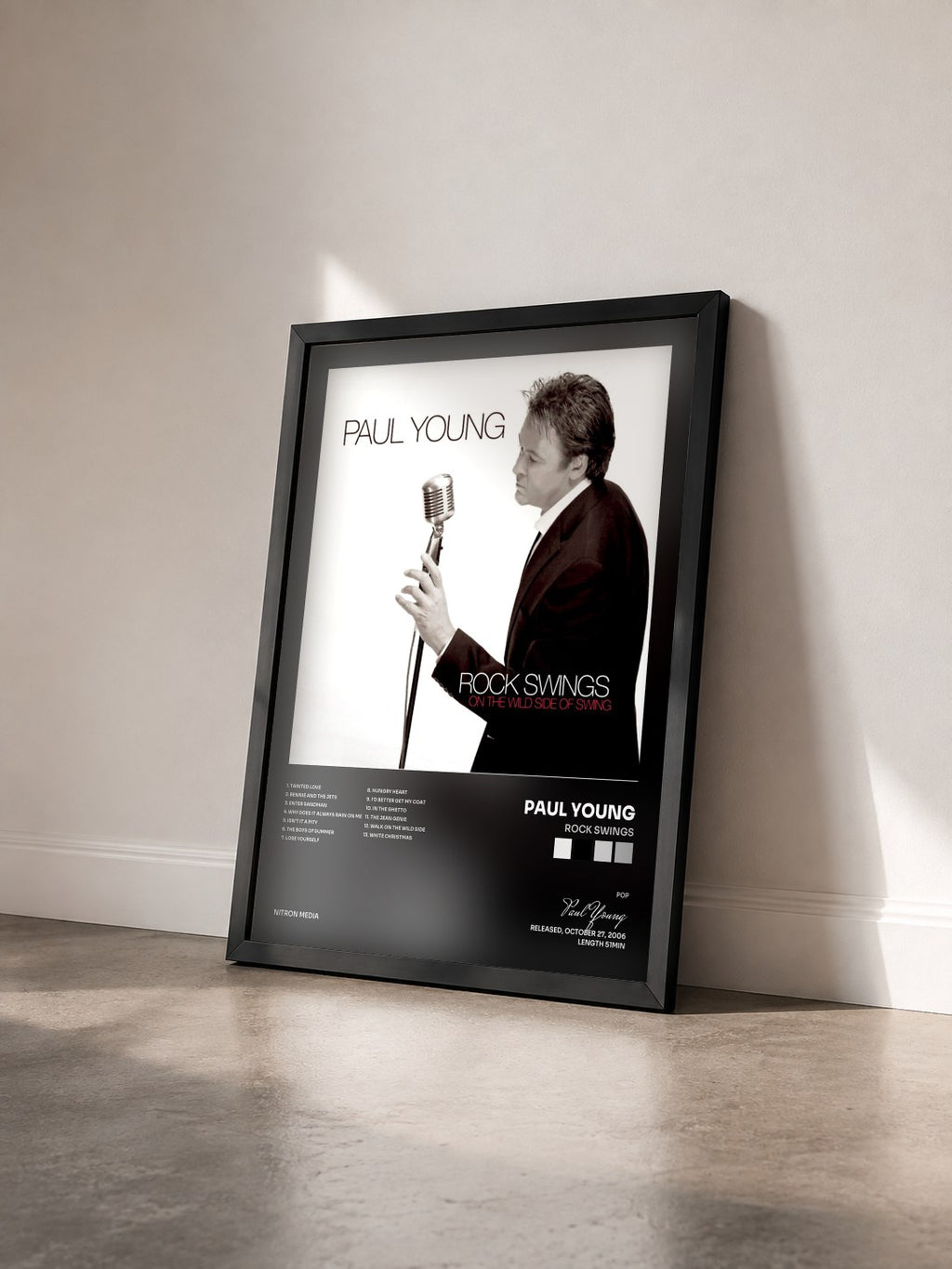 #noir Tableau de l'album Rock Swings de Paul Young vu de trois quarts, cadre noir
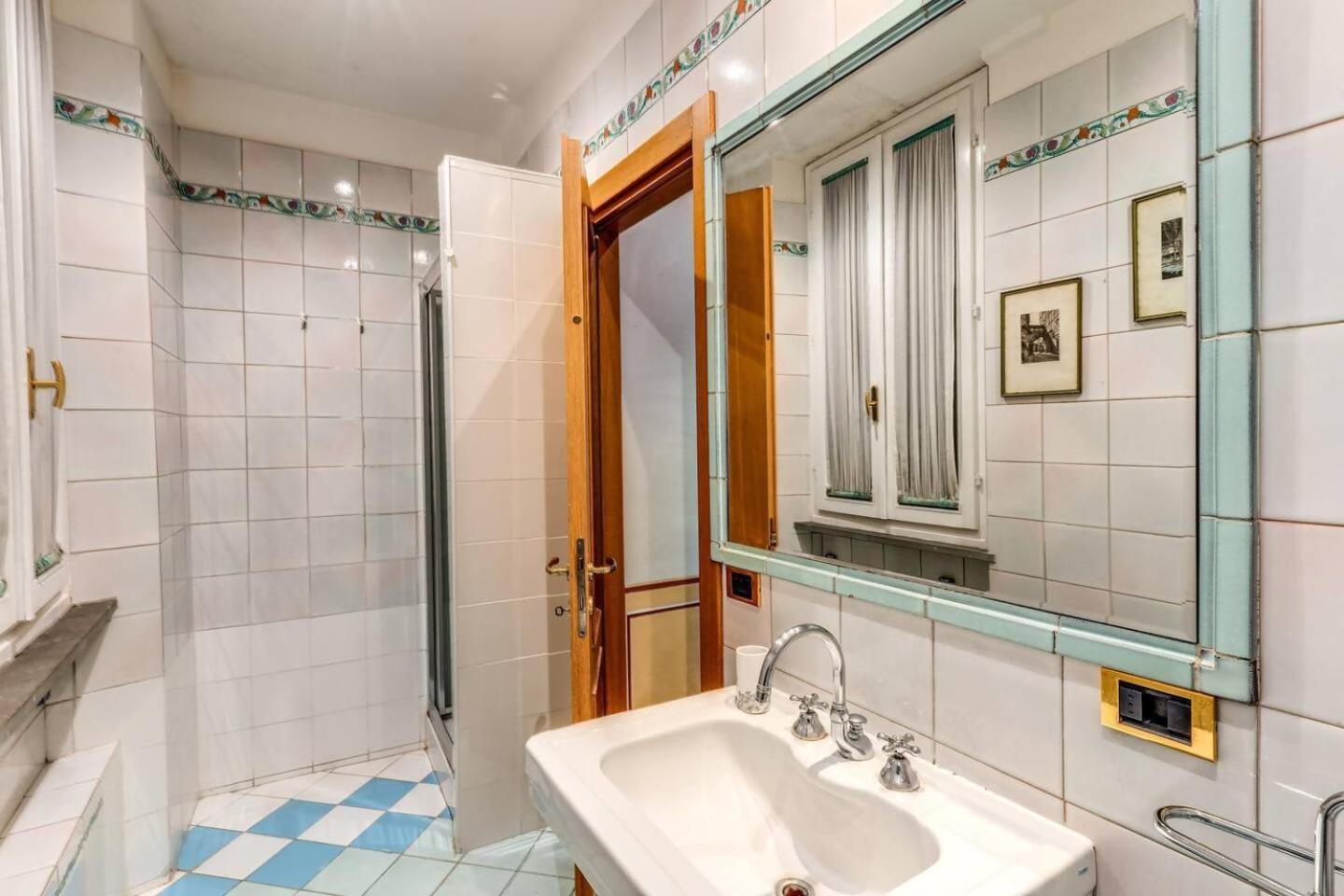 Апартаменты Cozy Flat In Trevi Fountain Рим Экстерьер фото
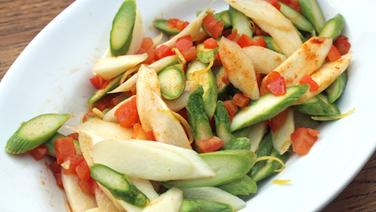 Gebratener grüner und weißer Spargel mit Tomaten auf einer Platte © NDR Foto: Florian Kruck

...

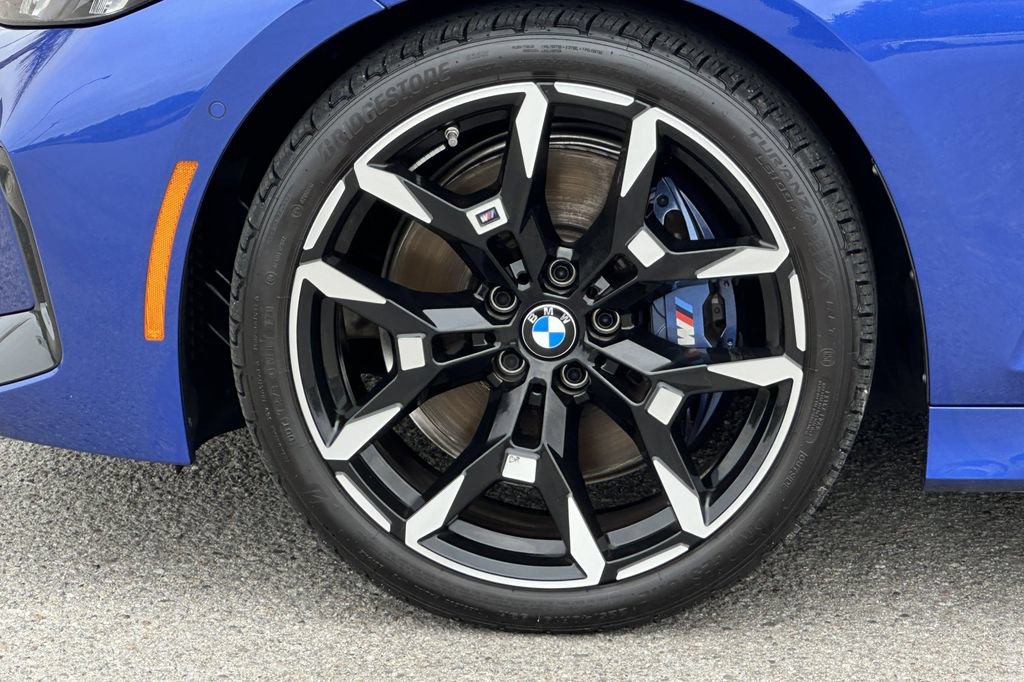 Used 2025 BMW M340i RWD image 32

---

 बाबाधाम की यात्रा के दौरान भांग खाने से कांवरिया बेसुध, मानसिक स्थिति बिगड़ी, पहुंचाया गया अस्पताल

| What is needed |
Reproduce the data above exactly, but only from the line containing "Апартаменты Cozy Flat" through the line containing "Gebratener grüner und"; skip the pictures.

| Task answer |
 Апартаменты Cozy Flat In Trevi Fountain Рим Экстерьер фото
 Gebratener grüner und weißer Spargel mit Tomaten auf einer Platte © NDR Foto: Florian Kruck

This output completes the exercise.